» **Data**:

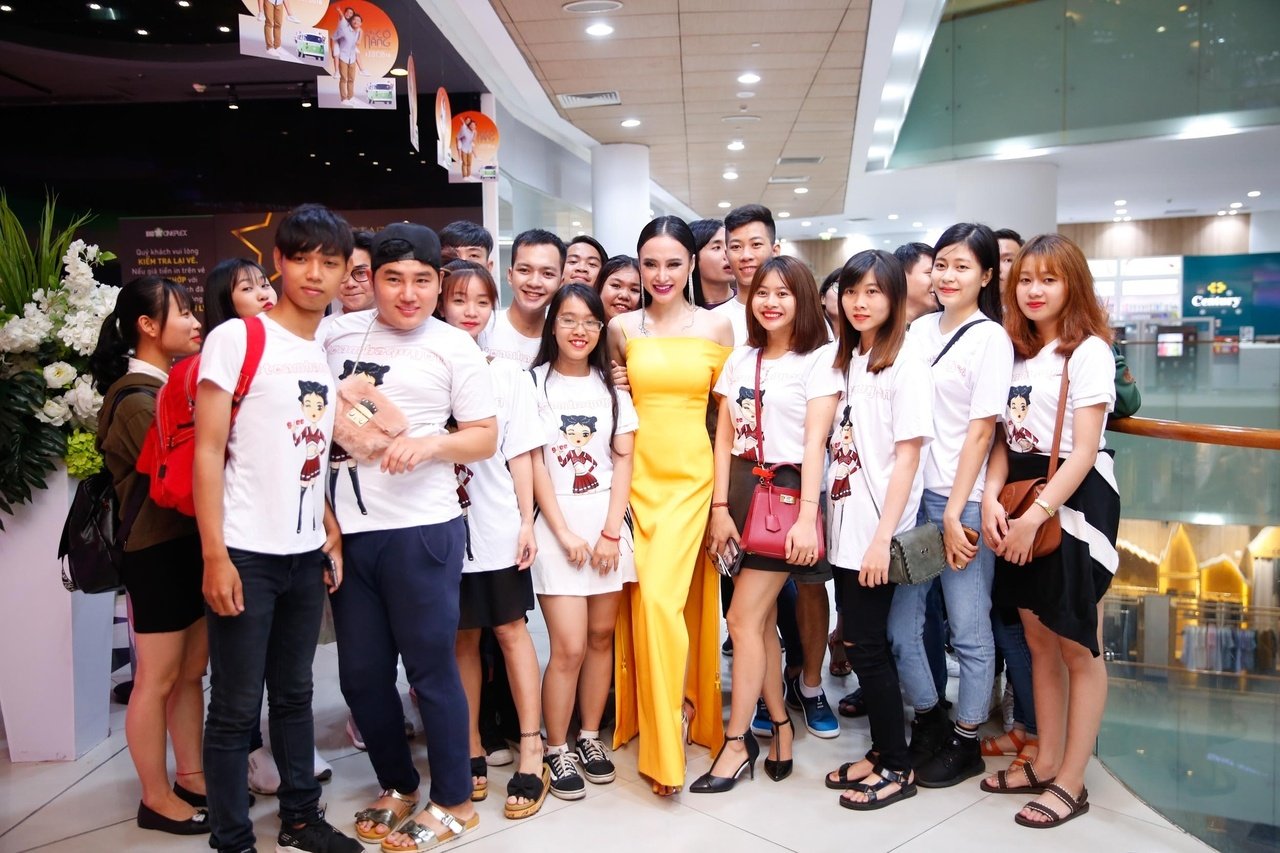 angela-phuong-trinh-dep-tua-nu-than-trong-buoi-cong-chieu-tap-cuoi-glee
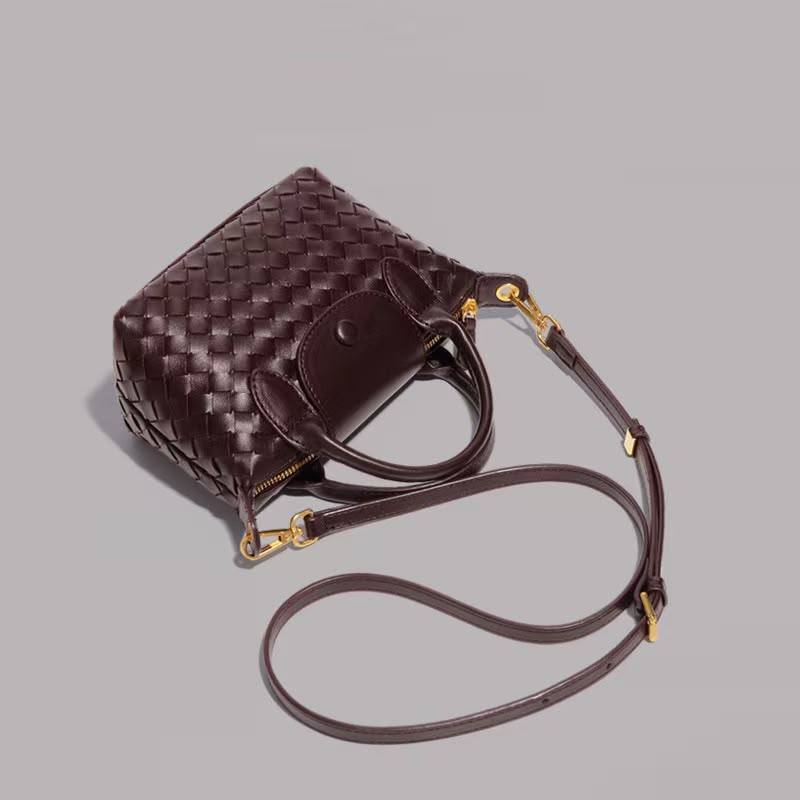 BOTTEGA 
80 dhs💓
size 22 cm🤝🤝

Zain161
♥️♥️♥️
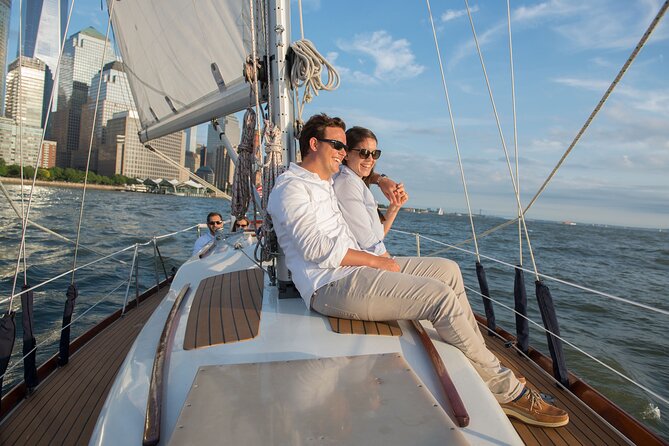 1 Hour Private Charter in New York Harbor for up to 6 people - Starting Point and Group Size: Perfect for Small Parties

» **What to do**: From the first line to the last, copy the records above exactly and drop any pictures.

» **Solution to this exercise**:
 angela-phuong-trinh-dep-tua-nu-than-trong-buoi-cong-chieu-tap-cuoi-glee
 BOTTEGA 
80 dhs💓
size 22 cm🤝🤝

Zain161
♥️♥️♥️
 1 Hour Private Charter in New York Harbor for up to 6 people - Starting Point and Group Size: Perfect for Small Parties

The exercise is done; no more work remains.